Глава 16
Ехали молча. Говорить с лордом Уинтерботтомом не тянуло — да и, по правде сказать, он сам не очень-то располагал к беседе.
Сидел напротив, скрестив руки на груди, и смотрел в окно с таким выражением, которое в двадцать первом веке у нас в офисе называли «лицом лица». То есть никакого. Просто лицо. Непроницаемое, слегка недовольное, с едва сдвинутыми бровями и плотно сжатой линией рта — будто он всю дорогу мысленно пересчитывал поголовье овец на склонах и обнаруживал, что одной не хватает.
И вот в этой позе, с этими бровями, с этим упрямо отвёрнутым в сторону профилем, он был…
В моём вкусе.
Да. Что уж там. Будем честны хотя бы сами с собой.
Поначалу, в первые дни, я думала, что он просто высокомерный аристократический мажор — из тех, что родились со столовым серебром во рту и с выражением вечной скуки на лице.
Потом, приглядевшись, я поняла, что дело другое. Эмоциональный диапазон у него и впрямь был, как у зубочистки, но не от природной скудости, а потому, что лорд Уинтерботтом принадлежал к тому замечательному и крайне распространённому в любом веке типу мужчин, которые предпочитают всё держать внутри и застёгиваться на все пуговицы — желательно до самого подбородка, а если бы существовала пуговица на лбу, застегнули бы и её.
И вот именно этот типаж — закрытый, сдержанный, с бронированным лицом и бронированной речью — всегда, всю мою сознательную жизнь, действовал на меня безотказно. В двадцать первом веке. И, как теперь выясняется, в девятнадцатом тоже.
Потому что под этой застёгнутой на все пуговицы рубашкой, под этим жёстким сюртуком, под этим невозможно ровным голосом непременно — я была убеждена — прятался мужчина живой, чувствующий, уязвимый и, чёрт возьми, страстный. И чем тщательнее он застёгивался, тем сильнее хотелось узнать, что там, за пуговицами.
Так что да. Определённо. Лорд Уинтерботтом был в моём вкусе.
Но, как это часто бывает в жизни вообще и в моей жизни в частности, я в его вкусе не была.
Будь мне действительно двадцать, как Лиззи, я бы, наверное, расстроилась. Поплакала бы в подушку, написала бы пару страниц в дневник про несправедливость мироздания, перебрала бы все свои недостатки — от рыжих волос до недостаточно тонкой талии — и в конце концов решила бы, что жизнь кончена и впереди только монастырь.
Но мне было не двадцать. Мне было за тридцать, и опыт никуда не делся, и обида не приходила. Приходило лишь лёгкое философское разочарование, оттого что жизнь несправедлива, и не была справедливой ни в двадцать первом веке, ни, как выясняется, в девятнадцатом, и никто тебе никогда не подаст на блюдечке твоего идеального сексуального интереса с табличкой «специально для Полины, расписаться в получении».
Взаимная симпатия — штука прекрасная.
Взаимное влечение — ещё прекраснее. Но штука редкая. Очень редкая. Даже в двадцать первом веке с его сайтами знакомств, кофейнями, корпоративами, отпусками в Турции и приложениями, где можно было листать лица большим пальцем, как карты в пасьянсе.

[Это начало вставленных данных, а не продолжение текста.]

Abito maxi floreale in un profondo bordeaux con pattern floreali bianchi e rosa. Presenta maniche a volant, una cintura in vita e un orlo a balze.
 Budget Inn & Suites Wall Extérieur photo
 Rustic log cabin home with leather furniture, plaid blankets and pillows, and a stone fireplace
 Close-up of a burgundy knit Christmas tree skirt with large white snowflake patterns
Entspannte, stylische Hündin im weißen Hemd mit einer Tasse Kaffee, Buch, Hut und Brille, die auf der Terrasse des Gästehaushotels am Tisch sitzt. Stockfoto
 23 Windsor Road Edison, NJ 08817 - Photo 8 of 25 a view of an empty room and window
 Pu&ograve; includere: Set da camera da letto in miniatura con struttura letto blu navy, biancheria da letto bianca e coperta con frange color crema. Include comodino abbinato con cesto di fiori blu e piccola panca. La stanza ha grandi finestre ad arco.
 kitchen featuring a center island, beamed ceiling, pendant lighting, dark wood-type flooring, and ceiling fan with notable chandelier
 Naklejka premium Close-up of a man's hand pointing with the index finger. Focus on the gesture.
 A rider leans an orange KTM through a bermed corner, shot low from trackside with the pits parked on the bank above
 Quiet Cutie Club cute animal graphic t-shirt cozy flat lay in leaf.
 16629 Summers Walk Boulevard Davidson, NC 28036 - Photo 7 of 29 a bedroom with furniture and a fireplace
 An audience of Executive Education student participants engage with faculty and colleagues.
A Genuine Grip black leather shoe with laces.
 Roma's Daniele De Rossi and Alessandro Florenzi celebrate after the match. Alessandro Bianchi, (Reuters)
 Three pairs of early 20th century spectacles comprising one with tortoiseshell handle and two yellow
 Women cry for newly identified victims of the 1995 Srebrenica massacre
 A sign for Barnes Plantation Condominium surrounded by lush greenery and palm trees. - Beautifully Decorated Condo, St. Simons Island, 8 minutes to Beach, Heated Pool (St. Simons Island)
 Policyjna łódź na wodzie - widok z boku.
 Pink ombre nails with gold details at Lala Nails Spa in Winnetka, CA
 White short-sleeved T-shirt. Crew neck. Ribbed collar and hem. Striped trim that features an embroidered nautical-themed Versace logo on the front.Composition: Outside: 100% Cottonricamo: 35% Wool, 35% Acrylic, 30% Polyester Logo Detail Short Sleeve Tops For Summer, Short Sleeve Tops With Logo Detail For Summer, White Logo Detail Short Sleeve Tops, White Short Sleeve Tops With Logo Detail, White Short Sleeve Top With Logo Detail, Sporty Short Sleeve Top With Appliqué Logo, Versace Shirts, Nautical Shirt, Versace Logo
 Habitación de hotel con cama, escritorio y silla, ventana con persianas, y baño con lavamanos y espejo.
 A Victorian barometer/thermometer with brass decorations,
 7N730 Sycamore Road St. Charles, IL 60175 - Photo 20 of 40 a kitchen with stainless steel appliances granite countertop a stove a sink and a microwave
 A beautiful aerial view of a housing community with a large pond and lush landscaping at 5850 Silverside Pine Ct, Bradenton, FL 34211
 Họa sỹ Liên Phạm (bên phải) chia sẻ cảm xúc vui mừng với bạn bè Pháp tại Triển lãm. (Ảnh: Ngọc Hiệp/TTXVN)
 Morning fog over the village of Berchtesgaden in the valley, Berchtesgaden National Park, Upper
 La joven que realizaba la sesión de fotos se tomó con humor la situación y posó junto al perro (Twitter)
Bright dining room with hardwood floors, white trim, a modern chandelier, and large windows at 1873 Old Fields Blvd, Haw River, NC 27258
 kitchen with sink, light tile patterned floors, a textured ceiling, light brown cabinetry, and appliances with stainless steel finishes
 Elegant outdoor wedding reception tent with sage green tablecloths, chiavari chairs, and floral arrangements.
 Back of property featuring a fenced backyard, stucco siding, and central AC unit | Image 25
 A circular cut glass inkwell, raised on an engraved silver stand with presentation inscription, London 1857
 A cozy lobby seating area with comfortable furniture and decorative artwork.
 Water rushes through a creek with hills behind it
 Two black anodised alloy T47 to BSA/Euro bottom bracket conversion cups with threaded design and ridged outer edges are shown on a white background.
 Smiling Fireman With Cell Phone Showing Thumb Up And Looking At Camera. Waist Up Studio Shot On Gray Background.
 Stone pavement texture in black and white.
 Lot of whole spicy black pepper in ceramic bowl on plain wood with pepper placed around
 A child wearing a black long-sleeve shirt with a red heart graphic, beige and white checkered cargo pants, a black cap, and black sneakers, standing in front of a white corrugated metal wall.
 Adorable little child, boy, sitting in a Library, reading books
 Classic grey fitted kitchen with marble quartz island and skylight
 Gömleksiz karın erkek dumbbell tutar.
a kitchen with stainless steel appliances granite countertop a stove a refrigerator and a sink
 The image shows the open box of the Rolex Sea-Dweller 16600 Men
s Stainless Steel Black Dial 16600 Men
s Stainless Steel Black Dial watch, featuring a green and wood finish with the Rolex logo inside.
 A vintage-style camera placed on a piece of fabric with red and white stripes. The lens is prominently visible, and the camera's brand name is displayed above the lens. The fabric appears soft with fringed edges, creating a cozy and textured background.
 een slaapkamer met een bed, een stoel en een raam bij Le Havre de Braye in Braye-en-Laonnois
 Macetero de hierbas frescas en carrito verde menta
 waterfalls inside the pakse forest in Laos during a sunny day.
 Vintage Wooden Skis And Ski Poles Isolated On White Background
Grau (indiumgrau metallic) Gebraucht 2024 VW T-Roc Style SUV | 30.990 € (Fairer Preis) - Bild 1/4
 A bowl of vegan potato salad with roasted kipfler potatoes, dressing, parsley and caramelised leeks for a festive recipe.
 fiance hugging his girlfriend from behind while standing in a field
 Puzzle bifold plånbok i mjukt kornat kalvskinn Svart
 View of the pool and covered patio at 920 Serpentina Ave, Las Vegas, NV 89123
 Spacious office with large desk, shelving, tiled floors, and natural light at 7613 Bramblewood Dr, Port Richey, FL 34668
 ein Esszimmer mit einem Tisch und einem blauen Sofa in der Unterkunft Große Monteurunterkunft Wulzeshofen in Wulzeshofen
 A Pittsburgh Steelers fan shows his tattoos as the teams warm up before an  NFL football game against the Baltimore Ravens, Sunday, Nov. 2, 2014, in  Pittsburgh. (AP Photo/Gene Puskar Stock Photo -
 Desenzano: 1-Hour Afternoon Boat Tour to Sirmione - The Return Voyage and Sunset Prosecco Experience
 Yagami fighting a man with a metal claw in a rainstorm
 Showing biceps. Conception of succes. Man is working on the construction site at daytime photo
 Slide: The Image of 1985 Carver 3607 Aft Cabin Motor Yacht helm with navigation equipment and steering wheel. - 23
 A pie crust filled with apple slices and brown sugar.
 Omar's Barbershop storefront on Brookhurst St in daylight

Здесь же, в девятнадцатом веке, где юная леди за всю свою жизнь увидит меньше мужчин, чем современная женщина видит за одну поездку в метро в час пик, эта редкость становилась почти комической. Никаких иллюзий. Никаких «найду свою половинку». Надо просто хватать того, кто не плох, кто не пьёт, не бьёт и не имеет привычки проматывать поместье в карты, — и радоваться, что хоть так.
Я снова посмотрела на его хмурое лицо и невольно улыбнулась.
Психологи, наверное, объяснили бы эту мою устойчивую тягу к внешне холодным, застёгнутым мужчинам тем, что я росла без отца. Может быть, и так. Может быть, моя бедная Тамара Петровна, если бы услышала эти рассуждения, постучала бы себе пальцем по лбу и сказала бы: «Полина, какая ещё психология, ты просто дура». И, возможно, тоже была бы права.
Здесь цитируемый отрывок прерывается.